Si por algo se han caracterizado los pueblos -también los riojanos- ha sido por su casi inmutabilidad. Cuando a uno le oprimía la vida estresante de la urbe, su bulliciosa soledad o, incluso, el desamor, siempre quedaba el consuelo de regresar a las raíces, a ese pueblo permanente, donde todo estaba donde debía estar: el río, las colinas, la iglesia, los árboles, las gentes las casas. Sin embargo, ahora, quien acude a su pueblo puede encontrarse desorientado y no reconocer los lugares amigos ni los entornos cómplices, donde habitaban la memoria familiar y los aromas de la infancia, sustituidos por filas, muy juntas, de casas gallinero, otros les llaman casas cochinera, porque semejan esos antiguos edificios ganaderos; son cientos de adosados -hay quien les dice «acosados» o, incluso, «acotados»- iguales entre sí, prismas con tejado, sin terrazas ni requiebros, donde la arquitectura deja de ser una de las bellas artes y se pone al servicio de la codicia constructora.

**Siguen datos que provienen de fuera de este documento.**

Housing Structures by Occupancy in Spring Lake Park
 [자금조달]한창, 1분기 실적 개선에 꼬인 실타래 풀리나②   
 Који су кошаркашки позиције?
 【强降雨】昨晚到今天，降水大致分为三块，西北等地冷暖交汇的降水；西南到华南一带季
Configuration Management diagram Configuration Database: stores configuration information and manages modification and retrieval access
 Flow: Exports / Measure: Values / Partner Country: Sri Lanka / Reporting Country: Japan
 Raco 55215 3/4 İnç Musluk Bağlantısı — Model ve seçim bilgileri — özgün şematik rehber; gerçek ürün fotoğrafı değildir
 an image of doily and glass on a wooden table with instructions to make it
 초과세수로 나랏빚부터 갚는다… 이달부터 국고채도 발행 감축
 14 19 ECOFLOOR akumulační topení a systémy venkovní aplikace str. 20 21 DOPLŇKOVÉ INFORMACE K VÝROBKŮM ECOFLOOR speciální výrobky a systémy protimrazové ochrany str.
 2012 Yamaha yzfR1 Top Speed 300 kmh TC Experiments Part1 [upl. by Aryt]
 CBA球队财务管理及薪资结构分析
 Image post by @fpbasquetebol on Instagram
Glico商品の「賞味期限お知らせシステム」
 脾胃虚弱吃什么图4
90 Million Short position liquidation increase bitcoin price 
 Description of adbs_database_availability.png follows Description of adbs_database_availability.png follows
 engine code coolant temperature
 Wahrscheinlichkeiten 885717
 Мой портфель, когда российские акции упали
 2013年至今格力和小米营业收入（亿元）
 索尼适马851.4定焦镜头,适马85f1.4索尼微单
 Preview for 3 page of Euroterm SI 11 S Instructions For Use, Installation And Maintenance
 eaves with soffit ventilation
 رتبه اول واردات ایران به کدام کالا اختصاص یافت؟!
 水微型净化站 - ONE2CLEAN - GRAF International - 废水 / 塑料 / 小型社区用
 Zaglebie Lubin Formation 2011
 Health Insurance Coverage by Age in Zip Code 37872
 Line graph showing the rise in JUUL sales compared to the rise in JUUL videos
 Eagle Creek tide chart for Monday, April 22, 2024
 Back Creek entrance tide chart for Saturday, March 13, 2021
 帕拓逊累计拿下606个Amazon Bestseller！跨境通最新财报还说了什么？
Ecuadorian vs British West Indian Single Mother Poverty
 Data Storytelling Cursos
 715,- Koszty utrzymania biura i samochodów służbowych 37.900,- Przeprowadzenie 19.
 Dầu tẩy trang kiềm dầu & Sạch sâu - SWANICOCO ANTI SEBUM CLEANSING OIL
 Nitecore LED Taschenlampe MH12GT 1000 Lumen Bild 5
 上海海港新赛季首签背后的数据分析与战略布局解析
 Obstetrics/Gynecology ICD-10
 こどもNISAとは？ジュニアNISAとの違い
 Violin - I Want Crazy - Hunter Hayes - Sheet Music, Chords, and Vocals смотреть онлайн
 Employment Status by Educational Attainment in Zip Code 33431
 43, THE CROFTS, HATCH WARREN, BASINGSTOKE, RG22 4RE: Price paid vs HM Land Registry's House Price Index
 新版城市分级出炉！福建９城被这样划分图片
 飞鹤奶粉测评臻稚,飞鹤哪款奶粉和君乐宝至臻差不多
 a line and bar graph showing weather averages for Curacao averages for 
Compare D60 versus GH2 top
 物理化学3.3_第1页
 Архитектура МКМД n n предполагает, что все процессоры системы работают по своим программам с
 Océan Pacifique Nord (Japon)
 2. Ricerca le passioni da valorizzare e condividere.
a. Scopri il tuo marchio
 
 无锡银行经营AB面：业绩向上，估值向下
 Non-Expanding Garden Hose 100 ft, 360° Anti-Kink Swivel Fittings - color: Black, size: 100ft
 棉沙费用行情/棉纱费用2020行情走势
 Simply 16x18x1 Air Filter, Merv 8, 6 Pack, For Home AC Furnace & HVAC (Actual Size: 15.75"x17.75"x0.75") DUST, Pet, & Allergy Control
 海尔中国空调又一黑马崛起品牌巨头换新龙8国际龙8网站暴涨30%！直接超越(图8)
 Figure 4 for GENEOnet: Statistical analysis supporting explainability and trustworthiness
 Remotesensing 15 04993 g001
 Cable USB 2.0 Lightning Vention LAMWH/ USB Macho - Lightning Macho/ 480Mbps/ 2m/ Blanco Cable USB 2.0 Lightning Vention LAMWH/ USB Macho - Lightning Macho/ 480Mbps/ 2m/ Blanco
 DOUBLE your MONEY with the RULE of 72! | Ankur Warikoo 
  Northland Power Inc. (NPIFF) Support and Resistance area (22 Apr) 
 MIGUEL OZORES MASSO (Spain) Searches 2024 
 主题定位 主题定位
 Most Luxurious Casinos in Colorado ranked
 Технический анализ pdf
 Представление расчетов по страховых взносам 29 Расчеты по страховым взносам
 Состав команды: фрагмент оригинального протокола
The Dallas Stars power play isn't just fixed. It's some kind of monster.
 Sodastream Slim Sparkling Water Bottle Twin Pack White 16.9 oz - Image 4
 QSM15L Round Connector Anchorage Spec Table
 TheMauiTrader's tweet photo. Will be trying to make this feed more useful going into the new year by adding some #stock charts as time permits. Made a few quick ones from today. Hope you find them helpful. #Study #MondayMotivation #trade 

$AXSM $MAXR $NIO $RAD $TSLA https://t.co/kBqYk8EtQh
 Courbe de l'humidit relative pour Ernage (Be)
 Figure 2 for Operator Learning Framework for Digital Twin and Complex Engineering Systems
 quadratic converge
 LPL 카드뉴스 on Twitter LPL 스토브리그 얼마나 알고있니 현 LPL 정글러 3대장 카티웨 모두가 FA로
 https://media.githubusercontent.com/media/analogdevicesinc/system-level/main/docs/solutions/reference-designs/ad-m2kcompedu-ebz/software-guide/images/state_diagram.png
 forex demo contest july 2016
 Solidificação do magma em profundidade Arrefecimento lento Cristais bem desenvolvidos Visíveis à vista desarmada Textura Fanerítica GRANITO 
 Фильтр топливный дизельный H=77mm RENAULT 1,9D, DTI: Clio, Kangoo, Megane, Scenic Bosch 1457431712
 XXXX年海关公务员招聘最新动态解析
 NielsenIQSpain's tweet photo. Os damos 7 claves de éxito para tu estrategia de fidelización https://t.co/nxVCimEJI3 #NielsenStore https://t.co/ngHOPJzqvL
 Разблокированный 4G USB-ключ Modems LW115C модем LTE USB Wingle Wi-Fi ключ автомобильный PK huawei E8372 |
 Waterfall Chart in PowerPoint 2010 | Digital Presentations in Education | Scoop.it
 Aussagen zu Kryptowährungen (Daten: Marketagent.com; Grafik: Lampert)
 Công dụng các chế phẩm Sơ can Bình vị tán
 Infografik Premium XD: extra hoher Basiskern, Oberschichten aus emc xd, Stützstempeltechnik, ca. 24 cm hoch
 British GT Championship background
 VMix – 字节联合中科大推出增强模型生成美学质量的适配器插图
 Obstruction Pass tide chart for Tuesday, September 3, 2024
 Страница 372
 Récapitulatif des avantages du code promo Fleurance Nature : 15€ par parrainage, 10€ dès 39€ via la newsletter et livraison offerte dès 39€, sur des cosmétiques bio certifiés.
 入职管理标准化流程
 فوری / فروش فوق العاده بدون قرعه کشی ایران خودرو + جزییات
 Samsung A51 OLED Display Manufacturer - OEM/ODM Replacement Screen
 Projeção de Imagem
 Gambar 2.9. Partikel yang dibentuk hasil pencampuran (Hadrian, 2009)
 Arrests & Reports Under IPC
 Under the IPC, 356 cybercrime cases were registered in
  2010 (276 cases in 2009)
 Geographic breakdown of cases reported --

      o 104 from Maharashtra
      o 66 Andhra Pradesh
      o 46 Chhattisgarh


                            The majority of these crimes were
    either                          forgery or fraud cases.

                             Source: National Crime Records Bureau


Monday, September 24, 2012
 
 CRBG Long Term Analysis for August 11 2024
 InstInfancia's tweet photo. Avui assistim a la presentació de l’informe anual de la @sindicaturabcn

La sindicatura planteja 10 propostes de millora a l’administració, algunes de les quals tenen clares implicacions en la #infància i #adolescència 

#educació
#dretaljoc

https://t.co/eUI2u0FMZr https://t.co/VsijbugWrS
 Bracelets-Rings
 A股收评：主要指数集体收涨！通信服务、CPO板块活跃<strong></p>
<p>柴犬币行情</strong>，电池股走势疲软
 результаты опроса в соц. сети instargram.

Antes, esto sólo ocurría en las ciudades y sus aledaños, pero allí todo era más visible, algún detalle se cuidaba, los arquitectos ponían algo de su parte y los poderes públicos imponían ciertas limitaciones. Ahora, abierta la veda en los confines del campo, donde el silencio es norma, y las presiones pueden acabar con la buena voluntad de muchos, el desastre se impone: huertos y regadíos desaparecen, ante el avance lujurioso del ladrillo -es un decir, porque ni siquiera es siempre ladrillo- y los beneficios rápidos de la construcción son el «pan para hoy y hambre para mañana» que legaremos a nuestros hijos, ante la triste indiferencia de la mayoría. Y a los poderes públicos no parece importarles demasiado el destrozo, ni sus impactos estéticos, ambientales, agrícolas o éticos; mucho menos que uno pueda sentirse extranjero en su propio pueblo.